Preview: 1 June, 4pm – 6pm
31 May – 15 June 2024
London Gallery Weekend Opening Hours:
Friday 31 May : 11am – 6pm
Saturday 1 June : 11am – 6pm
Sunday 2 June : 12pm – 5pm
After that the exhibition will be open Wednesday to Saturday 12-5pm or by appointment
Events:
1.In-conversation with Erin Manning and Jade de Montserrat, moderated by Phoebe Osborne:
Friday 31 May, 4pm at Richard Saltoun Gallery
2. Artist-led walk from Richard Saltoun Gallery to Bosse & Baum
Saturday 1 June, 2pm (starting at Richard Saltoun Gallery)
3. Opening preview of Jade de Montserrat: In Defence of Our Lives at Bosse & Baum: 1 June, 4pm – 6pm
4. In-conversation with Erin Manning and Jade de Montserrat, moderated by Phoebe Osborne
Saturday 1 June, 6pm at Bosse & Baum
For more info and to RSVP click here
Bosse & Baum is pleased to present Jade de Montserrat’s second solo exhibition at the gallery.
“My work is driven by a necessity to understand my body’s positioning within histories and legacies of cultural and social inequalities,” de Montserrat asserts, “I aim to expose gaps in our visual and linguistic habits, inviting dialogue and reflection on the vulnerabilities and resilience of bodies.” – Jade de Montserrat
Bosse & Baum presents Jade de Montserrat’s second solo exhibition at the gallery, In Defence of Our Lives, bringing together works on paper that combine text and fractured images of bodies to voice experiences of exploitation and violation. Unapologetic yet vulnerable, the show interrogates issues of reproductive justice, race and trauma, and relates to plights for liberation through small works and large-scale works on paper, the latter of which form the unfinished Cobalt Folio.

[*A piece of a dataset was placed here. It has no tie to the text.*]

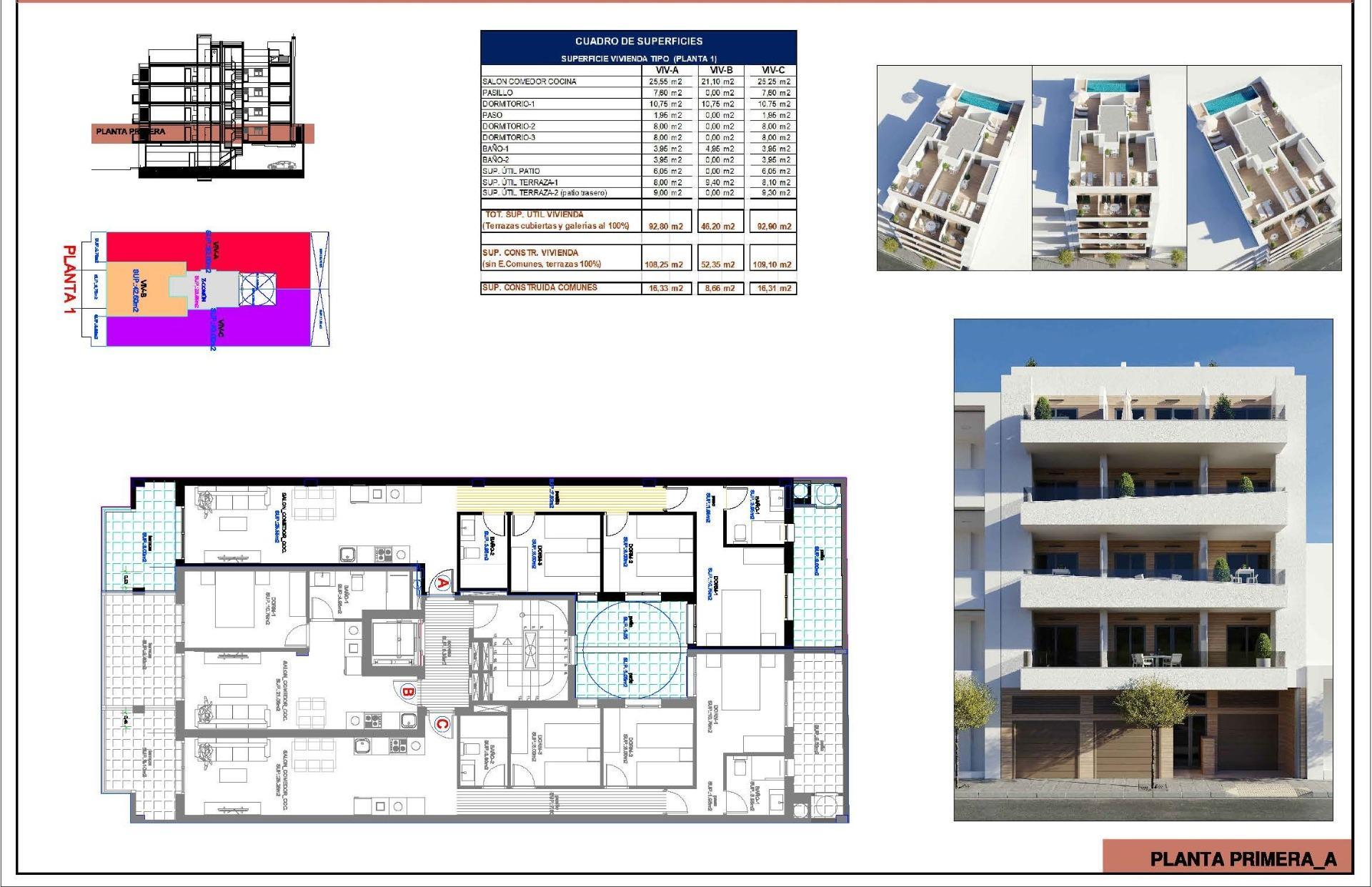 Obra Nueva: Apartamento 1 Dorm con Piscina Privada en Torrevieja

In some of de Montserrat’s smaller works, sections of faces and bodies are framed by excerpts of text. They include the eyes of Tarana Burke in the work titled All, everything, representation, the founder of the Me Too movement, a prominent survivor and activist for racial, economic and gender equality. It speaks to the theme of reproductive justice that permeates the body of work in the exhibition. The artist attempts to bear witness and make sense of injustices, using drawing to humanise and give voice to those who have faced oppression. The title of the three works in the triptych Quiet as it’s kept comes from Toni Morrison’s novel titled ‘The Bluest Eye’ (1970). Set in 1941, it tells the story of a young African-American girl named Pecola who struggles with whiteness and experiences sexual violence. The repetition de Montserrat makes of this and other phrases in her work speaks to a constant internal repetitive echo, the barrage of intrusive thoughts that are part and parcel of living with the trauma resulting from abuse, living with cPTSD, and neurodivergence. The idea of repetition of works and text in the show also speaks to de Montserrat’s performance and live art, which remains extant, incomplete, in process, as is the fact of healing.

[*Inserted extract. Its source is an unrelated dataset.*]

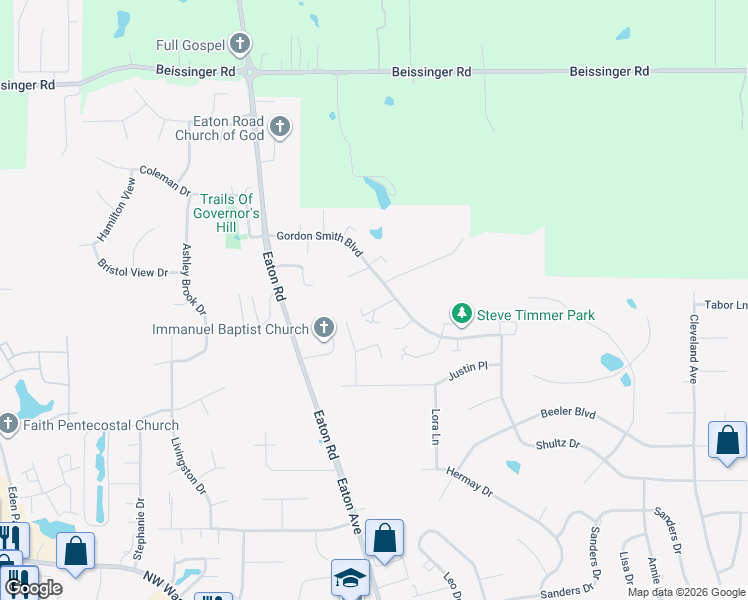 map of restaurants, bars, coffee shops, grocery stores, and more near 746 Charlton Court in Hamilton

This leads to the exhibition’s eponymous work, In Defence of Our Lives, a work on paper in de Montserrat’s distinct style wherein text is overlaid against the colours of the Palestinian flag in the background, reflecting the artist’s belief that “you can’t think about trauma, reproductive rights, genocide and other injustices without thinking about Palestine”. The message is anti-imperialist and in solidarity with Palestine and Palestinians and by extension, people of Sudan, Congo, Haiti, and all oppressed peoples worldwide. The text is reproduced in a large work on paper, making reference to multiple liberation struggles, and shown alongside a series of other monumental folios in the gallery space. Repetition is again at play here but with scale between the leaves or pages from the oversized book, the Cobalt Folio, and the smaller works in the exhibition.
The exhibited works stem from the artist’s experiments with collage, handmade books, original photographs, and performance-to-camera, evolving into vocal yet delicate paintings on paper. These pieces address the viewer directly, using text as a device to simultaneously affirm individual presence and question the individual’s role within the collective. By mirroring the selfie generation’s fixation on self-representation, de Montserrat’s works question our agency, political freedom and responsibility as global participants on a worldwide stage. These works on paper form a part of de Montserrat’s practice, which employs mediums such as painting, performance, film, sculpture, installation, print, and text to interrogate and challenge visual and linguistic structures. Powerful and visceral, her practice embodies shared and personal histories, particularly examining the cultural and theoretical legacies of chattel slavery and migrations within the context of Black Atlantic cultural studies.
All proceeds from the sale of the artwork titled In Defence of Our Lives will be donated to Medical Aid for Palestinians, supporting the cause that inspires much of de Montserrat’s work.